Thursday, April 11, 2019

This needs reading in full

I put my phone down and continue to look around. I see people talking freely, working on their MacBook’s, ordering food they get in an instant, seeing cars go by outside, and it dawned on me. We live in the most privileged time in the most prosperous nation and we’ve become completely blind to it. Vehicles, food, technology, freedom to associate with whom we choose. These things are so ingrained in our American way of life we don’t give them a second thought. We are so well off here in the United States that our poverty line begins 31 times above the global average. Thirty. One. Times. Virtually no one in the United States is considered poor by global standards. Yet, in a time where we can order a product off Amazon with one click and have it at our doorstep the next day, we are unappreciative, unsatisfied, and ungrateful.

Our unappreciation is evident as the popularity of socialist policies among my generation continues to grow. Democratic Congresswoman Alexandria Ocasio-Cortez recently said to Newsweek talking about the millennial generation, “An entire generation, which is now becoming one of the largest electorates in America, came of age and never saw American prosperity.”

Never saw American prosperity. Let that sink in. When I first read that statement, I thought to myself, that was quite literally the most entitled and factually illiterate thing I’ve ever heard in my 26 years on this earth.
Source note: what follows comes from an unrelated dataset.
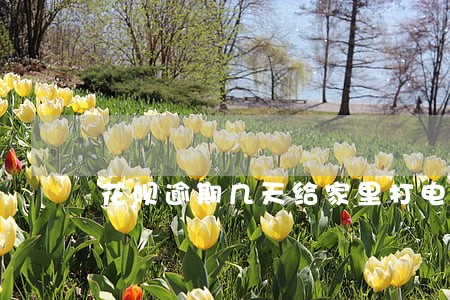 花呗逾期几天给家里打电话 花呗逾期几天给家里打电话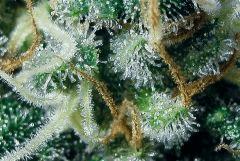 trichromes skunk#1 flo+44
Now, I’m not attributing Miss Ocasio-Cortez’s words to outright dishonesty. I do think she whole-heartedly believes the words she said to be true. Many young people agree with her, which is entirely misguided. My generation is being indoctrinated by a mainstream narrative to actually believe we have never seen prosperity. I know this first hand, I went to college, let’s just say I didn’t have the popular opinion, but I digress. 

3 comments:

Sailorcurt said...

Their idea of "prosperity" is the top 1%, or perhaps 5% at the lowest.
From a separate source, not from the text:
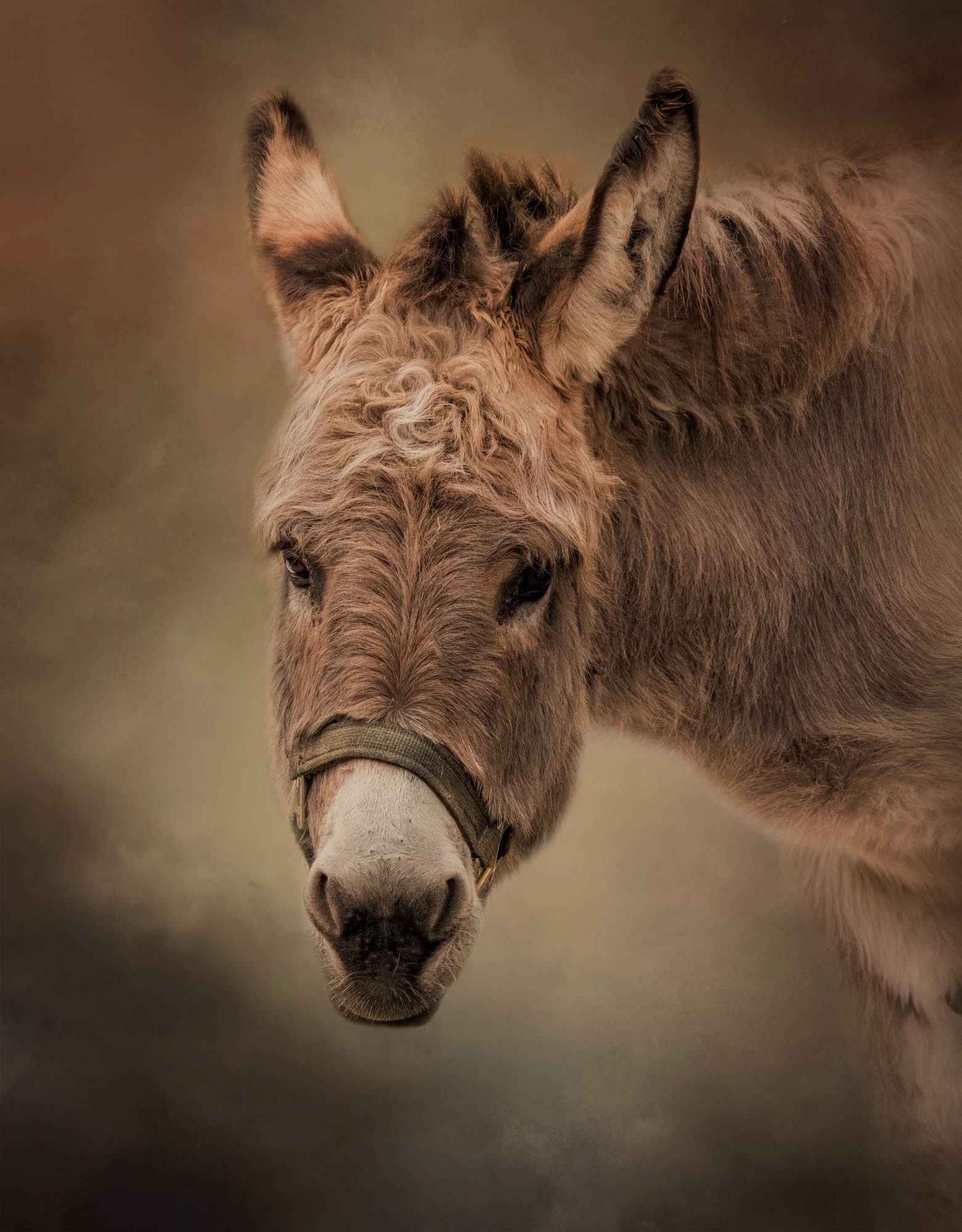 Long Face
When I was a teenager, my parents were in their peak earning years and, although solidly middle class, we had a pretty flush life. I understood, however, that my parent's income didn't equal me having everything I wanted. When I moved out of the house I took very little with me...some clothes, my (9 year old) car (not my parents car they let me use...it was mine) and a few possessions that were gifts or I'd purchased myself. That's it.
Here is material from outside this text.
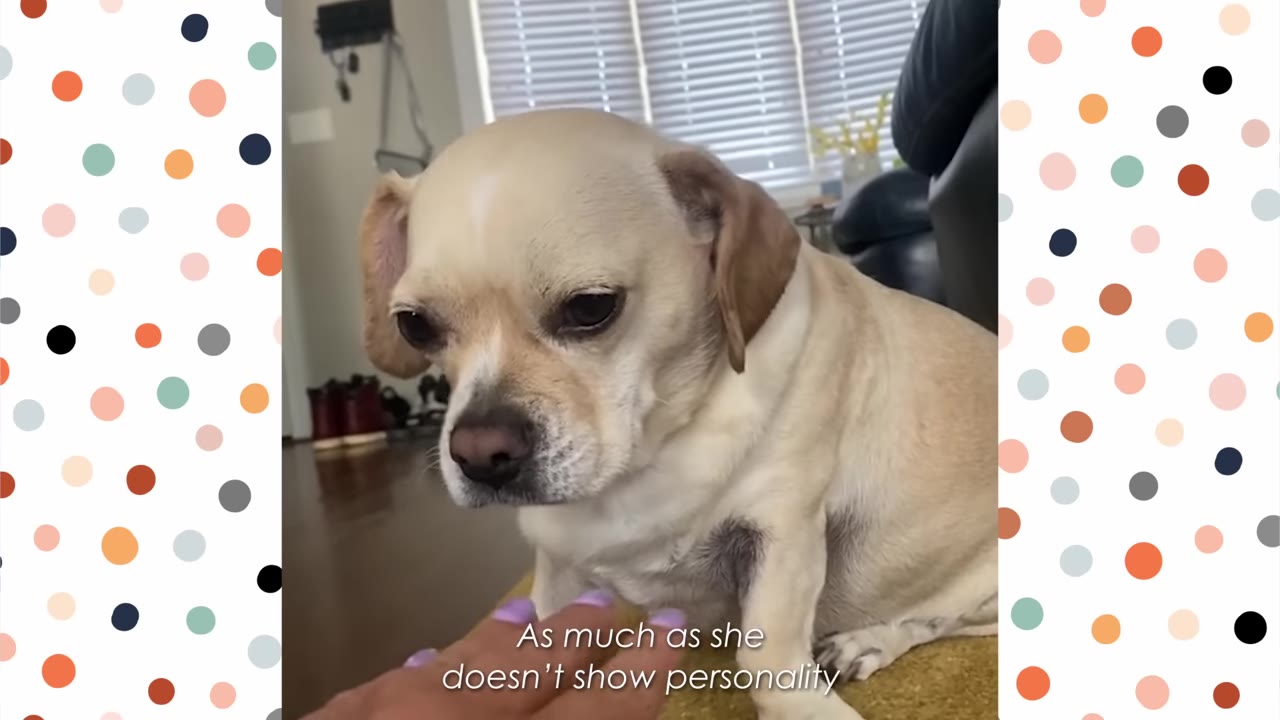 A small, light-colored dog sitting on a yellow rug with a grumpy expression, looking down as a hand with purple nail polish reaches towards it.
Everything else was on me and I knew it going in. That's the way life is.

Kids these days expect to be able to instantly have everything their parents have as soon as they graduate school. They don't remember the years of using cardboard boxes as furniture. Of having no TV and relying on library books for entertainment. Of eating ramen noodles and peanut butter sandwiches every day for two weeks because that's all we could afford. Of shopping for clothes at the goodwill store and yard sales not because we wanted to, but because that's all we could afford.

Because they don't remember those times, they seem to think they never happened and they shouldn't have to earn their own way. That the world OWES them a comfortable lifestyle with the latest smartphones and big screen TVs and 8 speaker surround sound.

And because the world OWES them this and they can't afford it, there's obviously something wrong. Not with them of course...with the world.

If I'm supposed to have this and I don't, it MUST be because someone's keeping it from me. Must be those damn rich people.

Rob said...

I'm living in the Golden Age, right now, this very minute!

I can still walk, I know who I am, the roads are good, gasoline is available, all the stores have food, I have the internet & the worlds knowledge (sort of) at my fingertips. I still get a social security check every month!

The poor in America... so far ahead of the rest of the world's poor and nobody knows it... Nobody cares either.

Dan said...

EVERYTHING Occasionally-Conscious say is dishonest.... because she is a PUPPET.
Virtually everything she says is scripted for her by her handlers. On the occasions
She speaks "off the cuff" without a script it becomes GLARINGLY apparent that she
doesn't have the brains of a turnip because she says something of the STUPIDEST things
ever uttered by anyone in or out office.